O Reverendo Johnnie Moore, um dos palestrantes dos Estados Unidos, refletiu: “O que a presidência tem se esforçado para elucidar é que unidade não é uniformidade. Pertencer não exige a renúncia à identidade”. Ele descreveu o princípio da unidade na diversidade como algo que exige “uma coragem renovada” para ser colocado em prática, de modo que ilumine não apenas as vidas individuais, mas também as estruturas da sociedade global.
O Dr. Moore apontou para o que esse cenário exige daqueles que o navegam: clareza sobre o que está sendo construído. “A paz não é meramente a ausência de guerra”, continuou ele. “É a presença da justiça, a proteção dos direitos humanos e o estabelecimento da harmonia social”, afirmou.
Essa mesma convicção surgiu nas observações de Katrina Lantos Swett, educadora e presidente da Fundação Lantos para os Direitos Humanos, com sede nos Estados Unidos, que destacou uma metáfora para a unidade da humanidade extraída dos ensinamentos Bahá’ís. “De uma forma muito profunda, somos todos folhas nos galhos da mesma árvore”, disse ela.
Outro participante do painel, Sahib Naghiyev, Vice-Presidente do Comitê Estatal de Associações Religiosas da República do Azerbaijão, enfatizou as dimensões internacionais dessas questões. O ritmo das mudanças globais, observou ele, tornou a coexistência de diversos povos, línguas, culturas e religiões uma característica da vida que transcende fronteiras e exige cooperação. “Nosso mundo está se globalizando em um ritmo sem precedentes, dando origem a um novo cenário social, político e econômico”, afirmou.
Diversos participantes do painel apontaram a educação moral como fundamental para os esforços voltados à promoção de sociedades harmoniosas. Bartholomew Lumbasi, Adido de Educação da Embaixada do Quênia nos Estados Unidos, falou sobre os esforços de seu país para cultivar, juntamente com o aprendizado acadêmico, as qualidades morais que permitem aos jovens conviver e resolver conflitos de forma amigável. “Como se pode formar uma pessoa integral, desde a infância, capaz de abraçar a paz?”, questionou.
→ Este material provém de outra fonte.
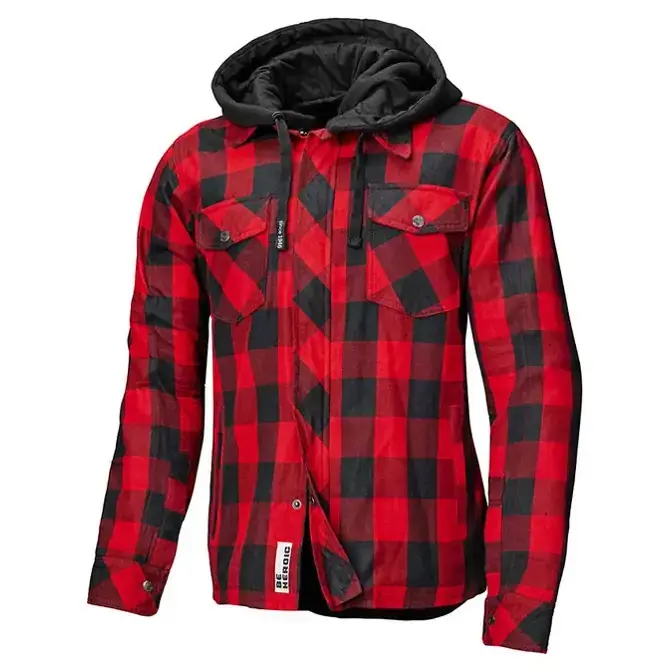 Held Lumberjack II Motorshirt Zwart-Rood S Finale Uitverkoop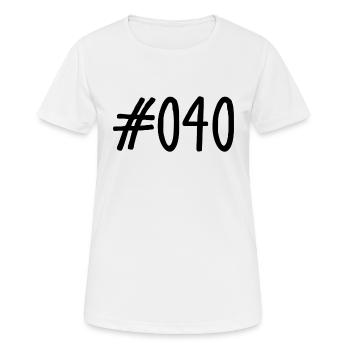 #040 - 040 - Vorwahl - Hamburg - Elbe - Alster - Frauen T-Shirt atmungsaktiv - Weiß - Vorne - AI Model Female 172 dark (172cm)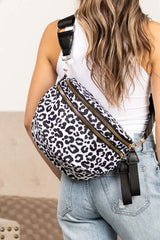 Dylan Oversize Leopard Double Zip Sling | Bold & Stylish, Sling Bags, $ 47.00, A Moment Of Now™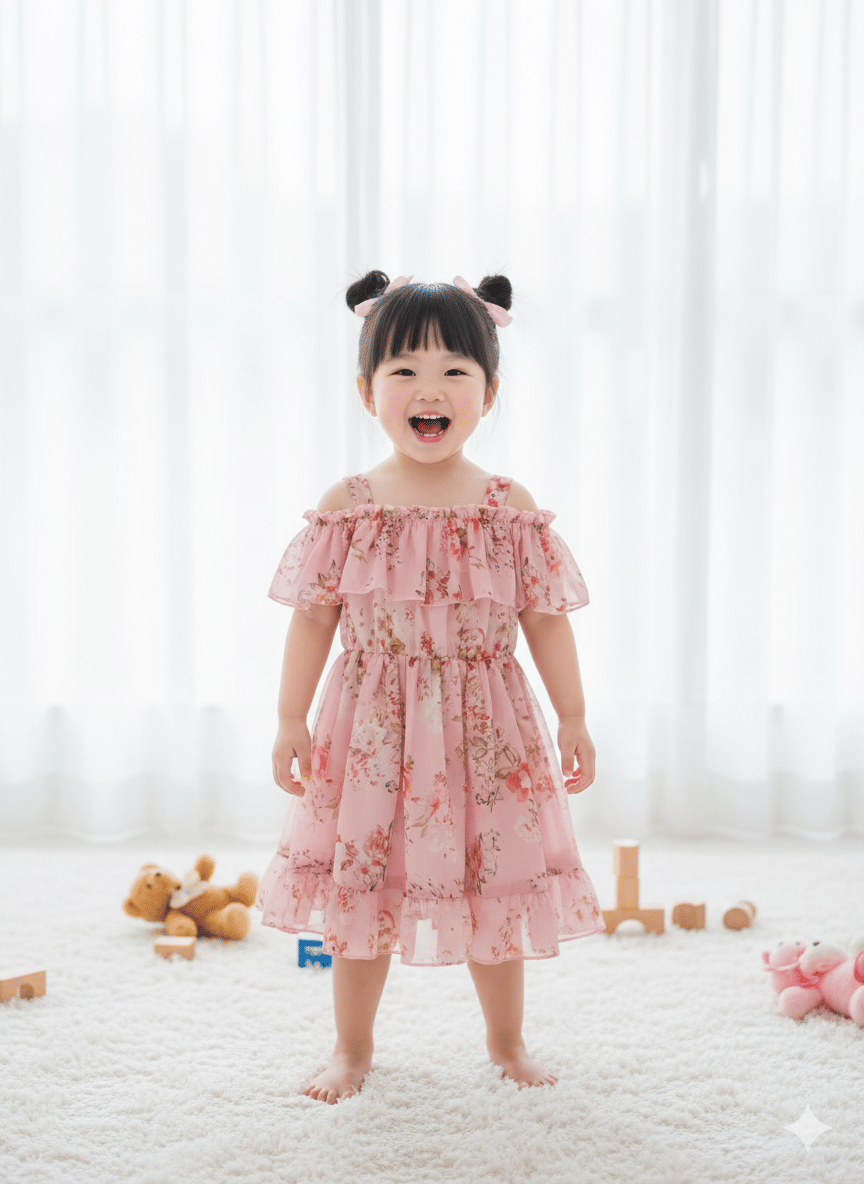 luffy luke Georgette Frock For Girls ( Pack of 1 , Lavender ) luffy luke Georgette Frock For Girls ( Pack of 1 , Lavender )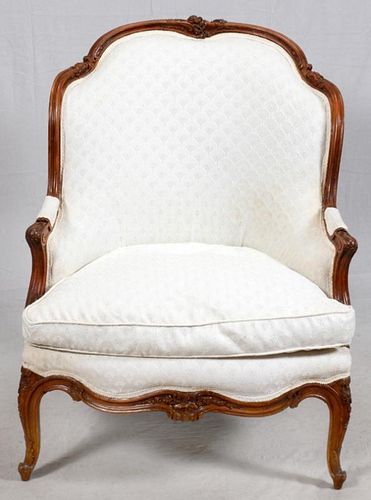 FRENCH CARVED WALNUT BERGERE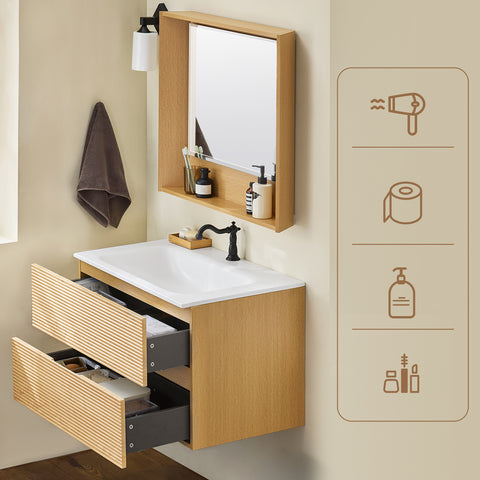 SoBuy Allaskaappi Peili Kylpyhuonekalustesetti BZR198-N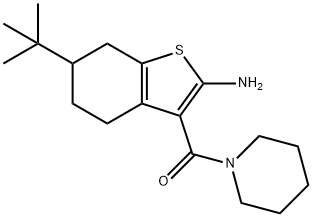 6-TERT-BUTYL-3-(PIPERIDIN-1-YLCARBONYL)-4,5,6,7-TETRAHYDRO-1-BENZOTHIEN-2-YLAMINE Structure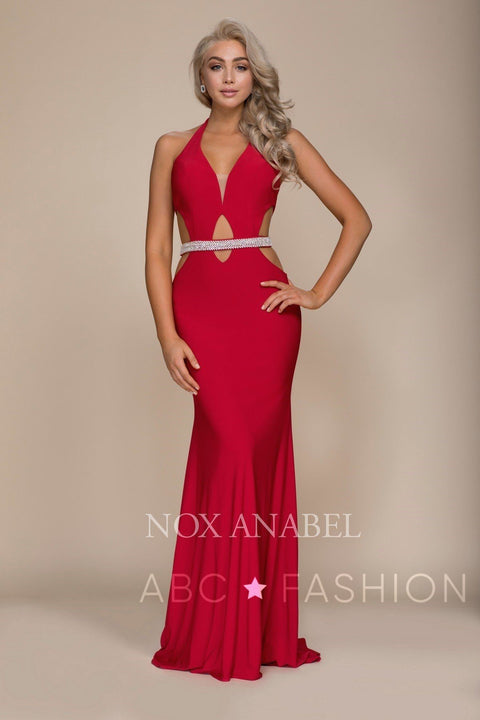 Long Open Halter Back Dress with Beaded Waistline by Nox Anabel A046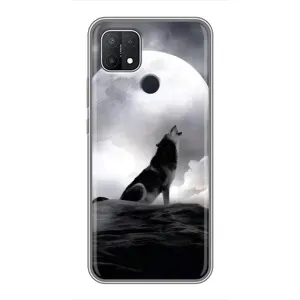 Чехол с Волком на OPPO A15 (Волк и луна)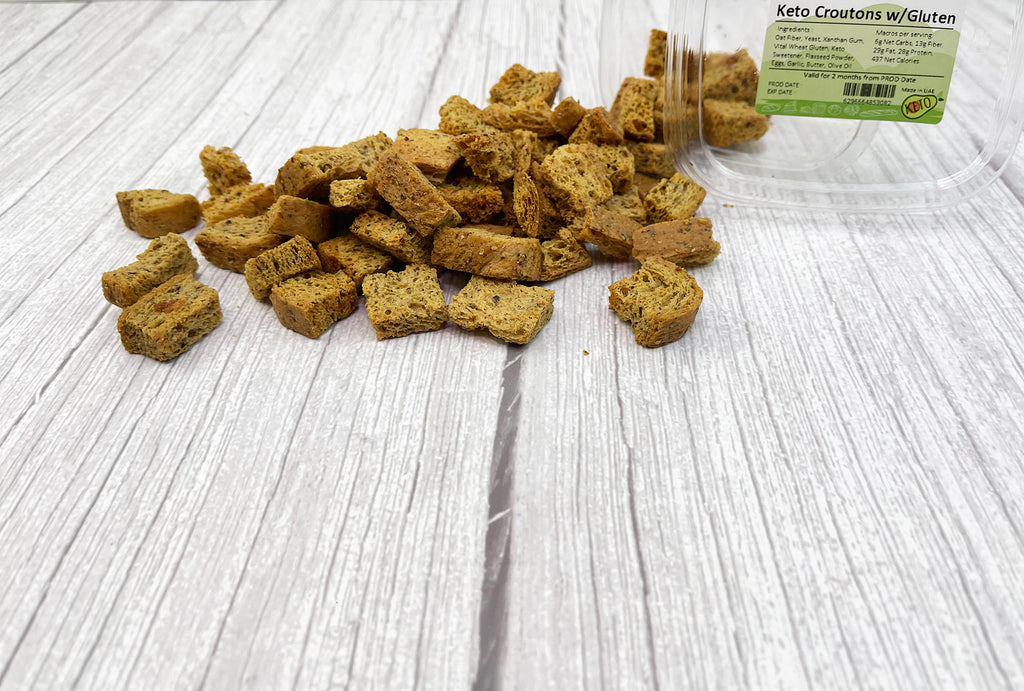 Keto Garlic Croutons - 75g - خبز كيتو توست مع الثوم محمص يحتوي على الجلوتين - Mom it KeTo Go
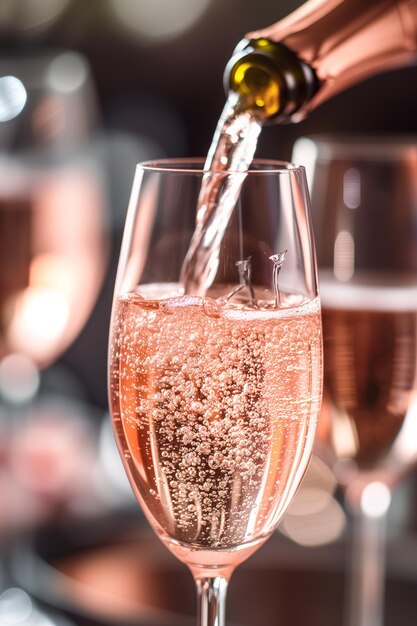 Elegant glas met roze mousserende wijn op een luxe achtergrond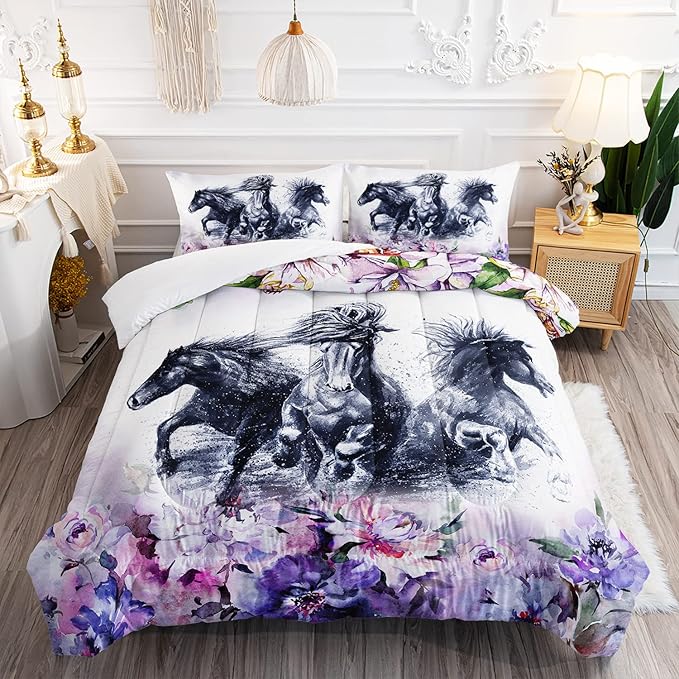 Kid Galloping Horse Comforter Set Room Purple Floral Animal Theme Handsome Horse Bedding Set for Boys Girls Adult, 1 Comforter + 2 Pillowcases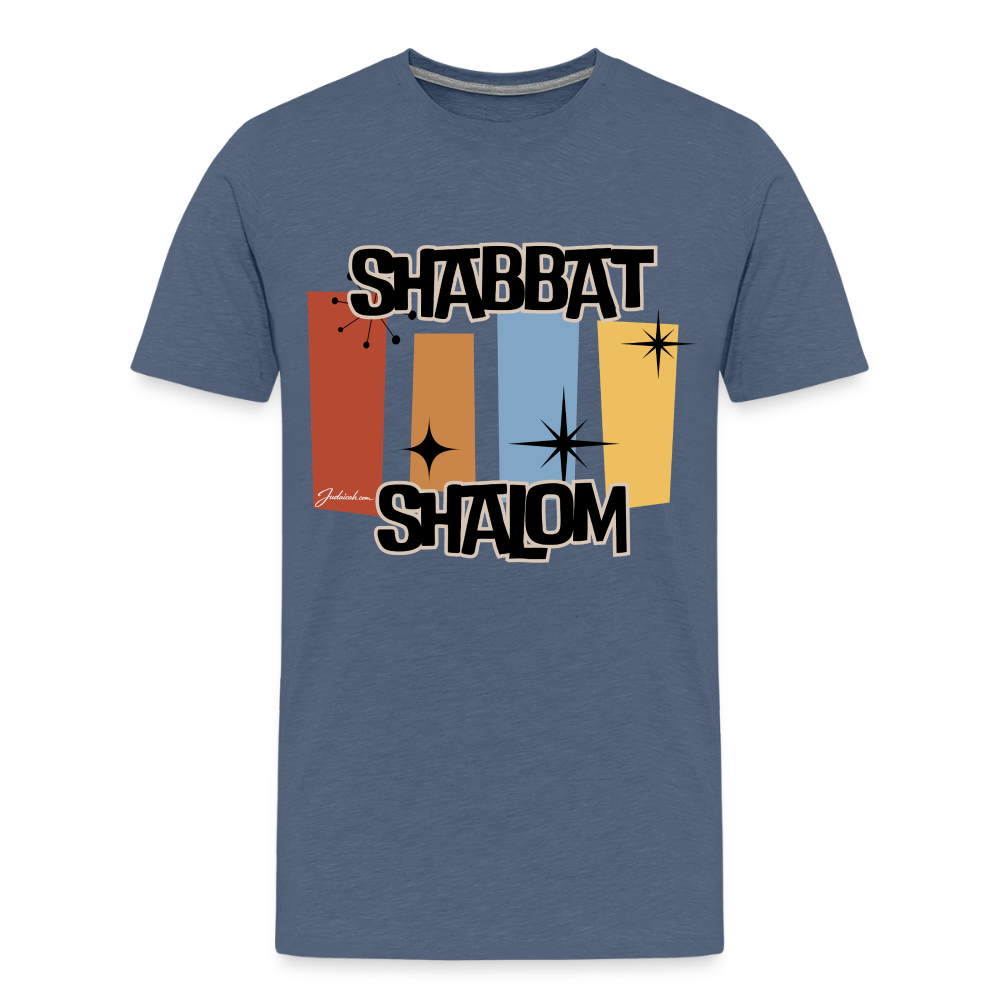 Retro Shabbat Men's Premium T-Shirt - heather blue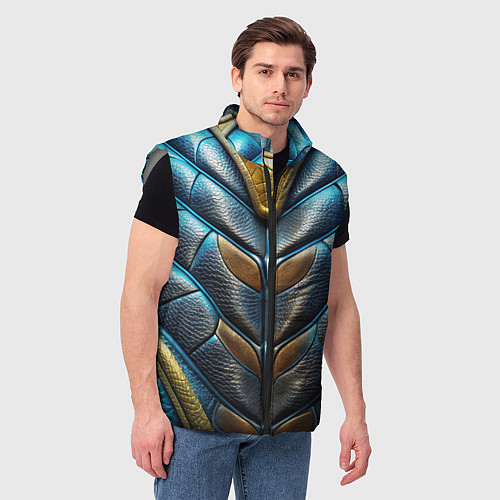Мужской жилет Объемная синяя текстурная кожа / 3D-Светло-серый – фото 3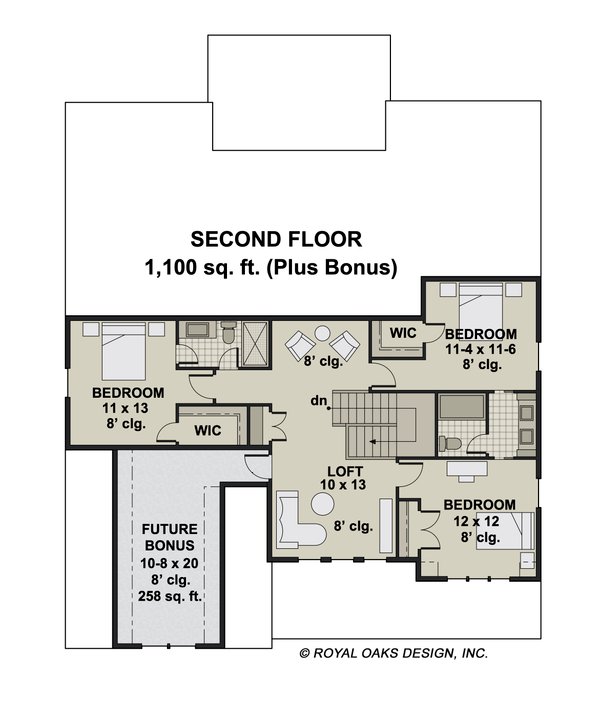 Farmhouse Floor Plan - Upper Floor Plan #51-1213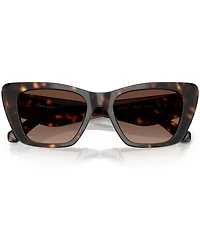 Tory Burch Women's TY7216U 52mm Polarized Tortoise Cat Eye Sunglasses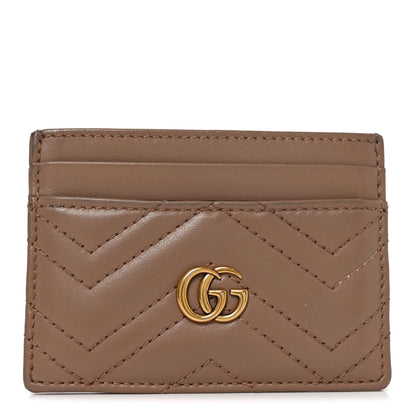 Gucci Calfskin Matelasse GG Marmont Card Holder Porcelain Rose 1 of 9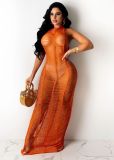 SC Solid Knitted Halter Hollow Out Maxi Dress TR-1150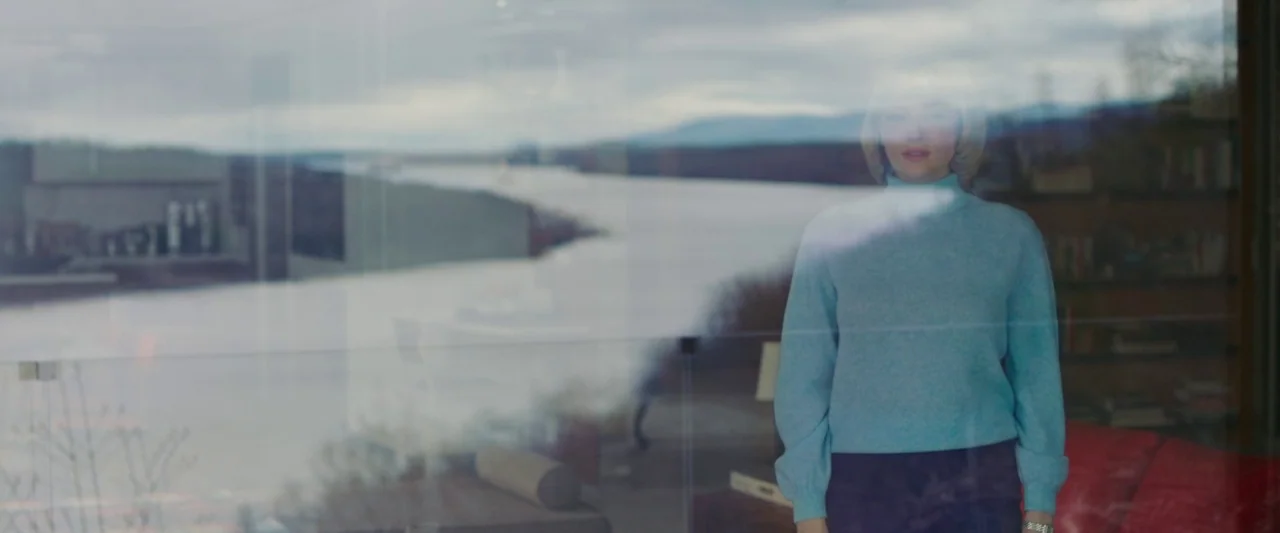Swallow (2020) movie still: medium — A woman stands behind a large glass window in a modern home. A wide river and overcast landscape are visible in…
Ele destacou, em particular, os “clubes da paz” realizados em várias localidades do Quênia, que reúnem estudantes de diferentes origens e tensões para promover conversas contínuas — uma prática fundada, explicou, em uma convicção simples: “Se eles conversarem desde cedo, aprenderão a conviver”.
Socheat Oum, Chefe Adjunto da Missão da Embaixada Real do Camboja, falou sobre a confiança como algo construído pacientemente ao longo do tempo, muitas vezes através de histórias dolorosas. Ele lembrou que o Camboja, que já abrigou forças de paz das Nações Unidas após décadas de conflito, agora contribui com tropas para missões de paz em todo o mundo. Resolver tensões com os vizinhos, disse Oum, exige não o uso da força, mas sim a comunicação. “Sinceridade e confiança são essenciais para a continuidade da cooperação.”
A convicção que permeou a noite encontrou uma de suas expressões mais vívidas em uma lembrança compartilhada por Sohrab Sobhani, que falou em nome do embaixador do Bahrein nos Estados Unidos, Shaikh Abdulla Rashed Al Khalifa. O Dr. Sobhani recordou sua visita ao museu Beit Al Quran, no Bahrein, onde tapetes tecidos à mão de países de todo o mundo estão expostos. Os tapetes, disse ele, servem como um lembrete do “tecido que nos une a todos como seres humanos”.